**SOURCE RECORDS:**
Start of Block
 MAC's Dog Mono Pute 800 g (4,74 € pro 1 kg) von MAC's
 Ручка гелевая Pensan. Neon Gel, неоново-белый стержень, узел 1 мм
End of Block
Start of Block
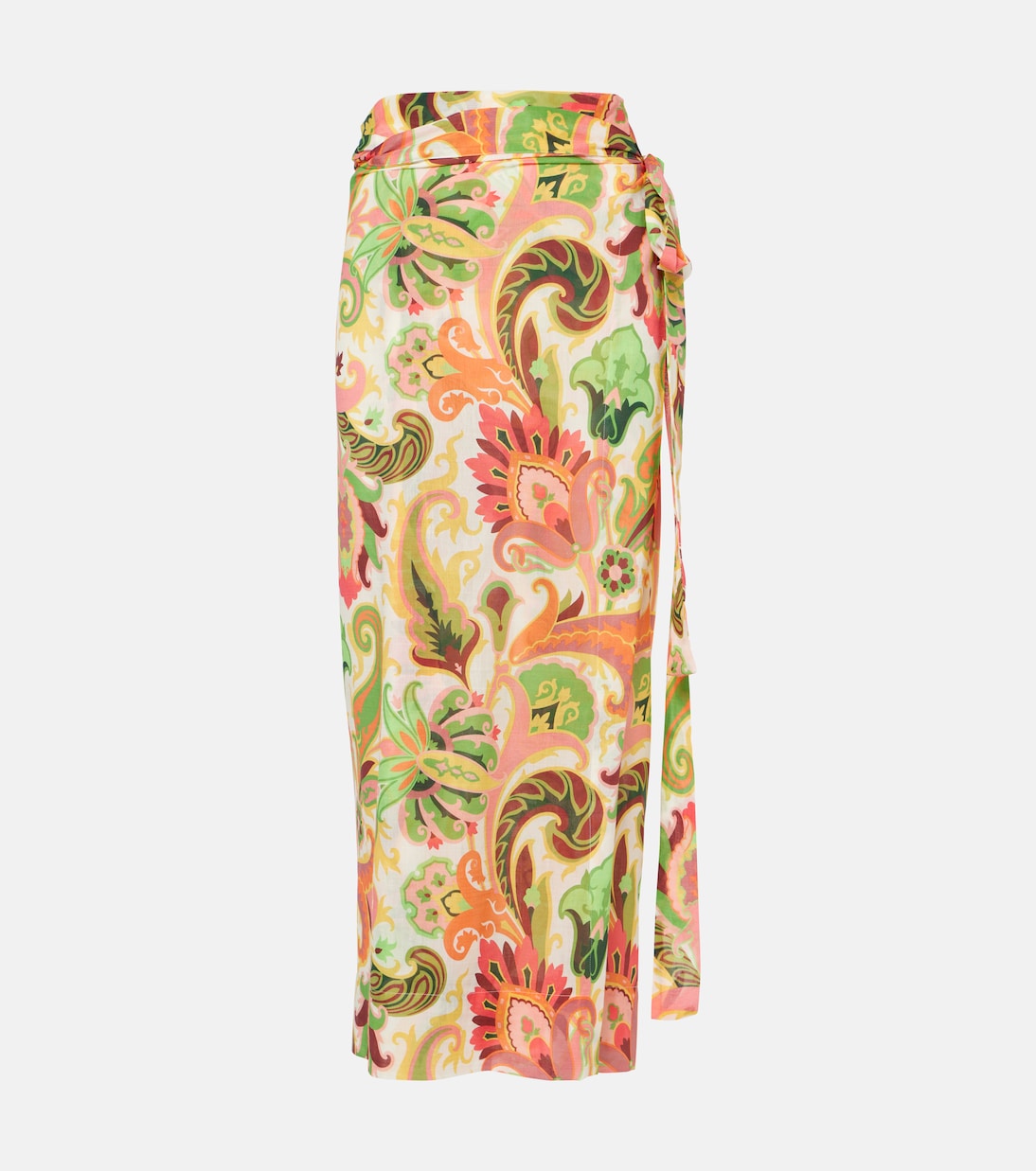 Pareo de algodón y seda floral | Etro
End of Block
Return a word-for-word copy of the lines above from the one holding "MAC's Dog Mono" through the one holding "Ручка гелевая Pensan.", with both of them included and nothing besides.

**WORKED SOLUTION:**
 MAC's Dog Mono Pute 800 g (4,74 € pro 1 kg) von MAC's
 Ручка гелевая Pensan. Neon Gel, неоново-белый стержень, узел 1 мм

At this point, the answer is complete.